DMC is an annual competition that encourages students with an interest in data mining to analyze and submit the problem given. This year was the 20th anniversary.
Data Mining is the process of taking raw data and turning it into useful information for the situation at hand. The two teams from Iowa State used a set of data to analyze and assess the information and decide what is useful and which is not.
The Data Mining Cup established a scenario that describes the risk of fraud while self-checking out, such as customers not scanning all of the items in their cart. According to the scenario, about 5% of all self-scan transactions showed discrepancies.
The participants were assigned in March to create a model which will identify scans that display fraudulent or non-fraudulent behavior, regardless if the fraud was committed intentionally or not.
The top ten teams were announced in April, and the top three were invited to Berlin for the awards ceremony at the intelligence summit.
The Iowa State team had two groups, Team 1 and Team 2. Team 2 included Qihao Zhang, Qinglong Tian, Xingche Guo, Yifan Zhu, Haoyan Hu, Gang Han, Haihan Yu, Lijin Zhang, Yueying Wang and Wenting Zhao, who are all graduate students in statistics as well as Shaodong Wang and Zerui Zhang who are graduate students in industrial and manufacturing systems engineering (IMSE).
Team 2 placed first in the competition and took home roughly $2,200.
Team 1, taking home eighth place, included Oscar Aguilar, Kanak Choudhury and Souradeep Chattopadhyay, who are graduate students in statistics, as well as Hanisha Vemireddy, Samira Karimzadeh and Reyhaneh Bijari, graduate students in IMSE.
Qihao Zhang, a graduate student in statistics and part of the first place team, said he took the problem and divided it into sections to simplify the process. Zhang said each member worked on their section of the problem along with their coursework.
“Some of my team members sacrificed their spare time to work on this problem and even after the semester, so I really appreciate that,” Zhang said. “Most of them are really hard-working and fully drawn to this competition.
The two teams took modern multivariate statistical learning with Steve Vardeman, a professor in IMSE and statistics. The students used the competition to fulfill the course requirement.
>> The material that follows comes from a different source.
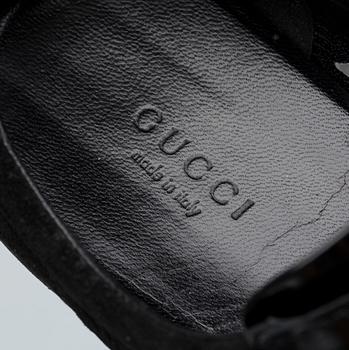 SKOR, Gucci.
Vardeman said some students can take the wrong approach with these types of problems and focus more on the programming side of it.
“You have to be doing more than just mindlessly running existing programs,” Vardeman said. “You have to be able to apply sound theory to put methods together in new and appropriate ways. Lots of people that claim to be data miners, all they really know how to do is run some computer programs. You don’t always win–and when you win–win big if that’s what you’re doing.”
Zhang said through previous experience, he was confident his team entered the top ten but he did not expect to place first.
“At that time I was really confident on our model just based on our simulation outcomes, I was almost 100% sure that we entered the top ten,” Zhang said. “But first place, everyone cannot be 100% sure, so this time we were lucky.”
Vardeman said this competition shows that the student understand the programs and the theory behind it which will help with future job opportunities.
“They can use this [win] as a credential that establishes — clearly — that they are more than just people who run programs,” Vardeman said. “But they’re people that can think carefully and sort out really hard problems based on some theory and the evidence is they beat the world. They beat the world, they beat the world clearly– it wasn’t even close.”